* Your instructions *
When you reach the line holding "Behr Garden Vista", please begin to restate the lines word for word and continue through the last one in the material, excluding pictures.

* Data shown *
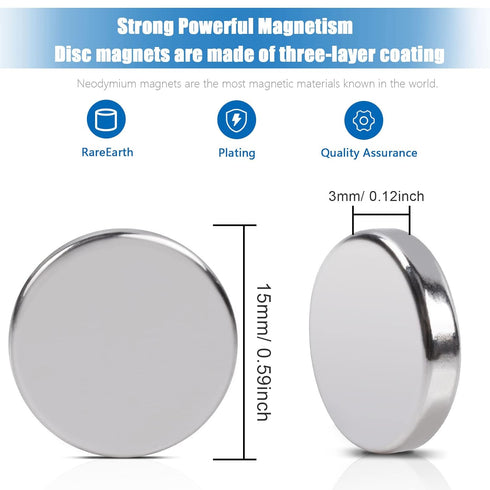 80 Pcs Neodymium Disc Small Magnets, 15 mm x 3 mm Tiny Magnets for Whiteboard, Office Crafts, and Fridge
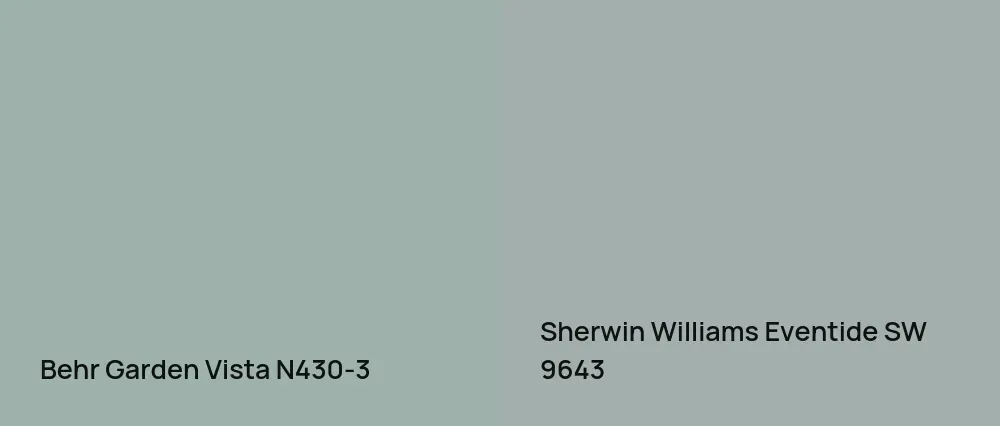 Behr Garden Vista N430-3 vs Sherwin Williams Eventide SW 9643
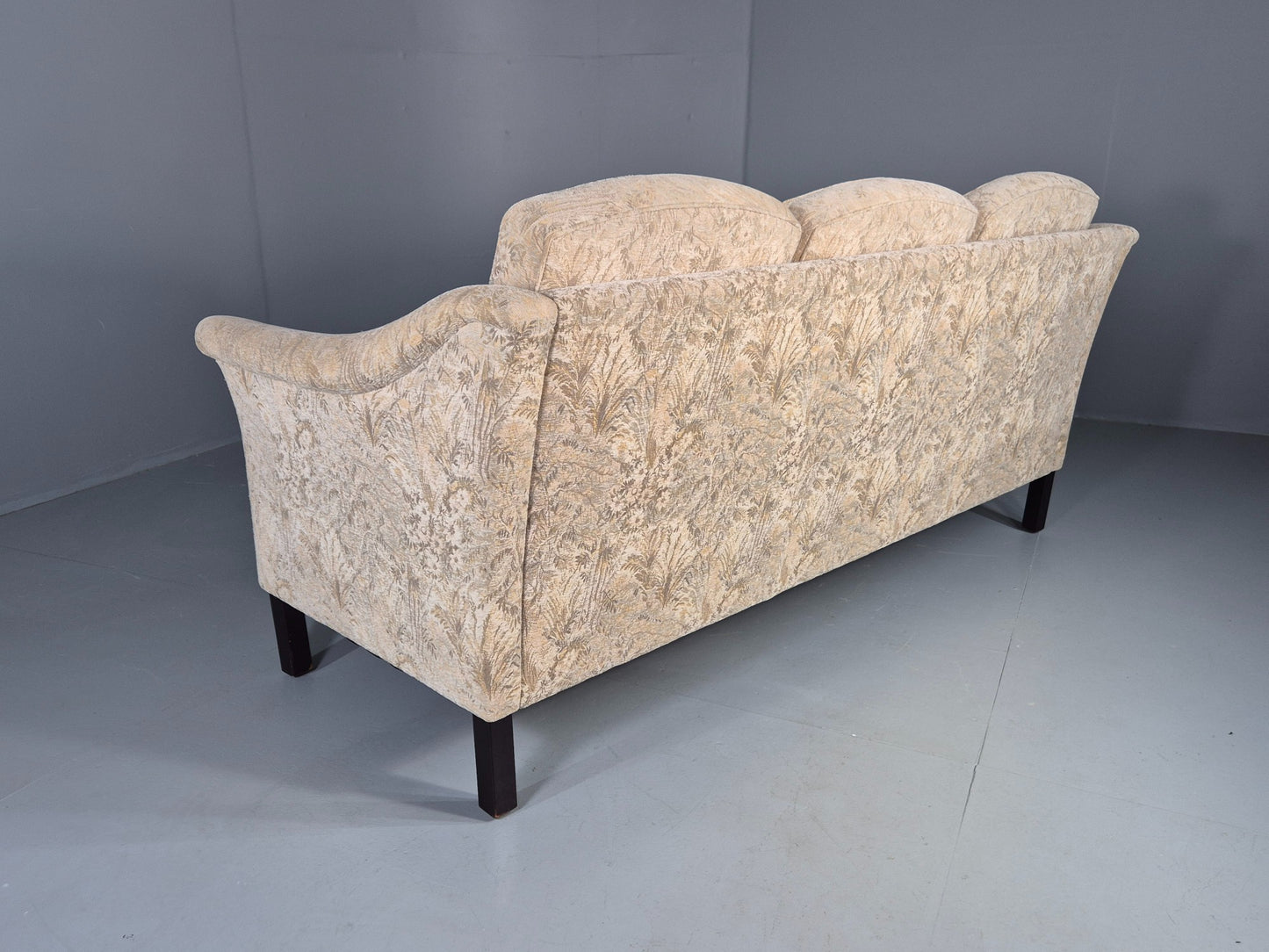 Vintage Danish 3 seater Sofa 1980s Floral Cotton Velour retro MCM EB12562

* Your response *
 Behr Garden Vista N430-3 vs Sherwin Williams Eventide SW 9643
 Vintage Danish 3 seater Sofa 1980s Floral Cotton Velour retro MCM EB12562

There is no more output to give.